═══ Supplied records ═══
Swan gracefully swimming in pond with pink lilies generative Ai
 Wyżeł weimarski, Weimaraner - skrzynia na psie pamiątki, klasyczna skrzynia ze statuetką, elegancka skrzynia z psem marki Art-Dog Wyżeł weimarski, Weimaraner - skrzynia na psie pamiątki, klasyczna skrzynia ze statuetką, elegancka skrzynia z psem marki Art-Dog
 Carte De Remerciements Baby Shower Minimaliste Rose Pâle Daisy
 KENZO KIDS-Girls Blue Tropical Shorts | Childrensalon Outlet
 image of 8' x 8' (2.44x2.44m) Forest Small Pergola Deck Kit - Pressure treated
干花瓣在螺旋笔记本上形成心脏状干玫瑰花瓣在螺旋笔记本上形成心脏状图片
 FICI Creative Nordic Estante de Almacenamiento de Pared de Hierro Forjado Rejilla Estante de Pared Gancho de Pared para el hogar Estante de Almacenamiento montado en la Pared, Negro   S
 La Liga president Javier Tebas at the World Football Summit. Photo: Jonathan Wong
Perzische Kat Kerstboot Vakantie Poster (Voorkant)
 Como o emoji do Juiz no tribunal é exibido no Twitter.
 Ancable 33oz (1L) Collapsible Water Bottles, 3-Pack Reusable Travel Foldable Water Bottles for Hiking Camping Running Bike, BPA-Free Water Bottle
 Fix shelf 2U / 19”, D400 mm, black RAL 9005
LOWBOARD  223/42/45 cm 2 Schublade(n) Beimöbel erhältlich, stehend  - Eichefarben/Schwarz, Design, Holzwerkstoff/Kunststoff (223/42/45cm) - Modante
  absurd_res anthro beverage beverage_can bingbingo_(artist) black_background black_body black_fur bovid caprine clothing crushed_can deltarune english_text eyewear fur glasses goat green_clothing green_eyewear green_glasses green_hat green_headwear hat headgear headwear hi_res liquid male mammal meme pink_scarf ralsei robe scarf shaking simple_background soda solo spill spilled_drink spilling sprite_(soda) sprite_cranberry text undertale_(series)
═══
▸ Exercise objective
Repeat the records above in full, character for character.

▸ Exercise answer
Swan gracefully swimming in pond with pink lilies generative Ai
 Wyżeł weimarski, Weimaraner - skrzynia na psie pamiątki, klasyczna skrzynia ze statuetką, elegancka skrzynia z psem marki Art-Dog Wyżeł weimarski, Weimaraner - skrzynia na psie pamiątki, klasyczna skrzynia ze statuetką, elegancka skrzynia z psem marki Art-Dog
 Carte De Remerciements Baby Shower Minimaliste Rose Pâle Daisy
 KENZO KIDS-Girls Blue Tropical Shorts | Childrensalon Outlet
 image of 8' x 8' (2.44x2.44m) Forest Small Pergola Deck Kit - Pressure treated
干花瓣在螺旋笔记本上形成心脏状干玫瑰花瓣在螺旋笔记本上形成心脏状图片
 FICI Creative Nordic Estante de Almacenamiento de Pared de Hierro Forjado Rejilla Estante de Pared Gancho de Pared para el hogar Estante de Almacenamiento montado en la Pared, Negro   S
 La Liga president Javier Tebas at the World Football Summit. Photo: Jonathan Wong
Perzische Kat Kerstboot Vakantie Poster (Voorkant)
 Como o emoji do Juiz no tribunal é exibido no Twitter.
 Ancable 33oz (1L) Collapsible Water Bottles, 3-Pack Reusable Travel Foldable Water Bottles for Hiking Camping Running Bike, BPA-Free Water Bottle
 Fix shelf 2U / 19”, D400 mm, black RAL 9005
LOWBOARD  223/42/45 cm 2 Schublade(n) Beimöbel erhältlich, stehend  - Eichefarben/Schwarz, Design, Holzwerkstoff/Kunststoff (223/42/45cm) - Modante
  absurd_res anthro beverage beverage_can bingbingo_(artist) black_background black_body black_fur bovid caprine clothing crushed_can deltarune english_text eyewear fur glasses goat green_clothing green_eyewear green_glasses green_hat green_headwear hat headgear headwear hi_res liquid male mammal meme pink_scarf ralsei robe scarf shaking simple_background soda solo spill spilled_drink spilling sprite_(soda) sprite_cranberry text undertale_(series)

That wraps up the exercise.